- Release poster
- Directed by: Elizabeth Sankey
- Written by: Elizabeth Sankey
- Produced by: Jeremy Warmsley; Manon Ardisson; Maria Chiara Ventura;
- Distributed by: MUBI
- Release date: 22 November 2024;
- Running time: 90 minutes
- Country: United Kingdom
- Language: English

= Witches (2024 film) =

British documentary film by Elizabeth Sankey

Witches is a 2024 British documentary film written and directed by Elizabeth Sankey and produced by Jeremy Warmsley, Manon Ardisson, and Maria Chiara Ventura.

==Synopsis==
Filtered through Sankey's own experience with post-partum anxiety, depression, and psychosis, the film attempts to connect women's mental health conditions with accusations of witchcraft throughout history. It includes interviews with Sankey's friends who have had similar experiences, alongside clips from films featuring witches and mentally ill women.

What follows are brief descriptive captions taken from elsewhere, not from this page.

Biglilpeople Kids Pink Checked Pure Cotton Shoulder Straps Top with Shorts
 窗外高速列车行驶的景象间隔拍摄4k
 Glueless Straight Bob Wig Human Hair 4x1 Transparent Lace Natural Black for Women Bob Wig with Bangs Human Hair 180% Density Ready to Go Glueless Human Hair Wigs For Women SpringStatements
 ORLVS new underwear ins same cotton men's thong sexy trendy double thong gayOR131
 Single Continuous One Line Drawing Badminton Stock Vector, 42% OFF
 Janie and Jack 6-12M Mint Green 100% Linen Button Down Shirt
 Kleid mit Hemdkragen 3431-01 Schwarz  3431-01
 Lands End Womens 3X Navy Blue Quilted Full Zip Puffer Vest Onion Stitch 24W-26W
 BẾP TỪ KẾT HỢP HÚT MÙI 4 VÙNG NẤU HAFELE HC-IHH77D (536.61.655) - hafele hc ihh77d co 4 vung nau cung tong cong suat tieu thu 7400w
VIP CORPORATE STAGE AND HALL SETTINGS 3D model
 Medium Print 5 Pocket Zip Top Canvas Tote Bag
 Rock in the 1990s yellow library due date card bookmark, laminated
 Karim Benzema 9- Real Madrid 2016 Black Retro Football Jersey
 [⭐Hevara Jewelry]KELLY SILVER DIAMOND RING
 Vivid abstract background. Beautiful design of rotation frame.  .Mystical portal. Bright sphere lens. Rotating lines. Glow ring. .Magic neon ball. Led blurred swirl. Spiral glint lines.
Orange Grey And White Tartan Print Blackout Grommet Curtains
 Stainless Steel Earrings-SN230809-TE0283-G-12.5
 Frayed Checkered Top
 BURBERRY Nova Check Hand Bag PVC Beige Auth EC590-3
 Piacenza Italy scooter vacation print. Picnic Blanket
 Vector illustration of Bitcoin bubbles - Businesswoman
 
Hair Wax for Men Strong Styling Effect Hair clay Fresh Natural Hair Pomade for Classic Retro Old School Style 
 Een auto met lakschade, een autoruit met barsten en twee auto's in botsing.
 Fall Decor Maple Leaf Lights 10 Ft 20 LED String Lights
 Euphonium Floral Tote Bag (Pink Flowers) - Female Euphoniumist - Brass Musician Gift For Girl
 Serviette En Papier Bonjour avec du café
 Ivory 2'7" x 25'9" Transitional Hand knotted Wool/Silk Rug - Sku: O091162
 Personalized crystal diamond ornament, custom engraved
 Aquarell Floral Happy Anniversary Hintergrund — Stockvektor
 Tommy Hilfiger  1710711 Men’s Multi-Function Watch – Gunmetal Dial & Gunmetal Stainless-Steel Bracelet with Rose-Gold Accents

===List of titles used in Witches===

- Häxan (1922)
- The Passion of Joan of Arc (1928)
- The Wizard of Oz (1939)
- I Married a Witch (1942)
- Day of Wrath (1943)
- Jane Eyre (1943)
- Black Sunday (1960)
- Bewitched (1964–1972, TV series)
- The Witches (1966)
- Rosemary's Baby (1968)
- Witchfinder General (1968)
- Cry of the Banshee (1970)
- Legend of the Witches (1970)
- The Devils (1971)
- Macbeth (1971)
- The House That Dripped Blood (1971)

- Asylum (1972)
- House (1977)
- The Wiz (1978)
- Inferno (1980)
- Return to Oz (1985)
- The Witches of Eastwick (1987)
- Elvira: Mistress of the Dark (1988)
- Spellbinder (1988)
- Witchery (1988)
- An Angel at My Table (1990)
- The Juniper Tree (1990)
- The Witches (1990)
- Hocus Pocus (1993)
- The Craft (1996)
- The Crucible (1996)
- Practical Magic (1998)

- Girl, Interrupted (1999)
- Sleepy Hollow (1999)
- Gothika (2003)
- Changeling (2008)
- Macbeth the Movie (2009)
- The Ward (2010)
- Beautiful Creatures (2013)
- Hungry Hearts (2014)
- The Witch (2015)
- The Love Witch (2016)
- Hagazussa: A Heathen's Curse (2017)
- Tully (2017)
- Unsane (2018)
- Gretel & Hansel (2020)
- Kindred (2020)
- The Tragedy of Macbeth (2021)

==Reviews==
Leslie Felperin of The Guardian called the film a "Kafkaesque echo chamber of paranoia and patriarchal oppression", "a powerful example of a bricolage-like editing technique that relies heavily on exploiting the copyright laws around fair use to create a prismatic, provocative style of cinema that's very 21st century". Natalia Keogan wrote in Filmmaker magazine that Sankey's on-screen testimonies provide an intelligent narration throughout the film from a unique personal perspective. The real-life personal account of postpartum psychosis was also praised by Catherine Wheatley in Sight and Sound.

==Accolades==
Witches won Best Independent Documentary at the 2024 British Independent Film Awards. It won Best Single Documentary – Domestic at the 2025 Grierson Awards.

==Release==
The film was released on MUBI in November 2024.